Problem :: Every line from the one with "Hello, welcome everyone." to the end of the listing below must be printed exactly, with no other text and no pictures.

Given information ::
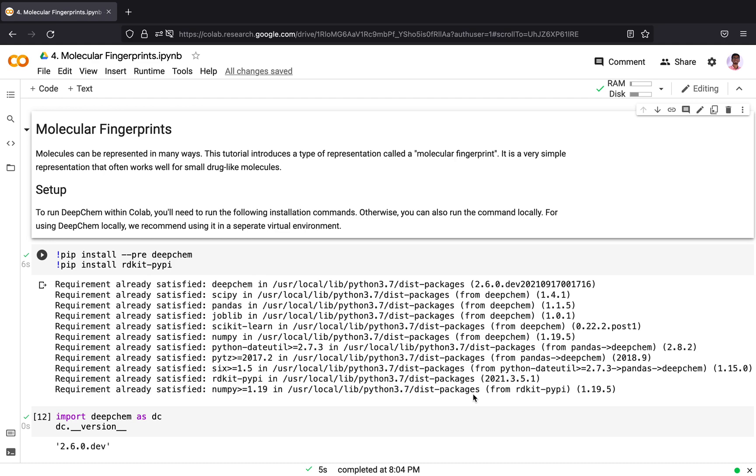Hi everyone. In this tutorial, I will be sharing about molecular fingerprints. Molecules can be represented in many ways. This tutorial will introduce you to molecular fingerprints.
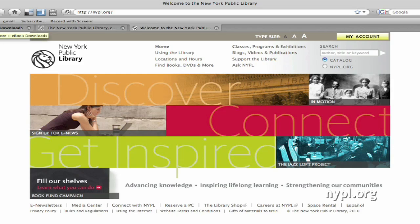The eNYPL Digital Library contains thousands of ebooks in Adobe EPUB and PDF formats, which are now supported by Sony Reader. In just a few easy steps, you can use your NYPL Library Card to check out and download ebooks from NYPL for free, transfer them to your Sony Reader, and get reading on the go.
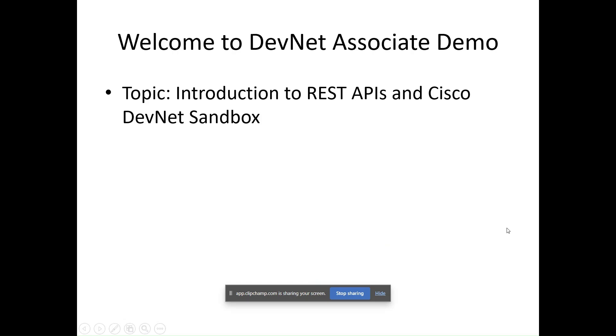Hello, welcome everyone. I am Kumar and in this session, I will be giving you a quick but impactful introduction to one of the most fundamental topics in the DevNet Associate course: REST API and Cisco DevNet Sandbox.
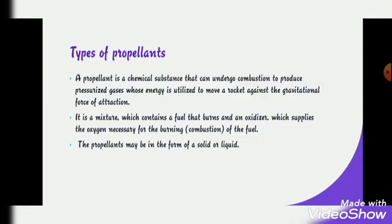Propellant is a chemical substance that will undergo combustion to produce pressurized gases, whose energy will be utilized to move a rocket against the gravitational force of attraction. It is a mixture which contains a fuel that burns and an oxidizer, which supplies the oxygen necessary for the burning of the fuel.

Solution for this problem ::
Hello, welcome everyone. I am Kumar and in this session, I will be giving you a quick but impactful introduction to one of the most fundamental topics in the DevNet Associate course: REST API and Cisco DevNet Sandbox.
Propellant is a chemical substance that will undergo combustion to produce pressurized gases, whose energy will be utilized to move a rocket against the gravitational force of attraction. It is a mixture which contains a fuel that burns and an oxidizer, which supplies the oxygen necessary for the burning of the fuel.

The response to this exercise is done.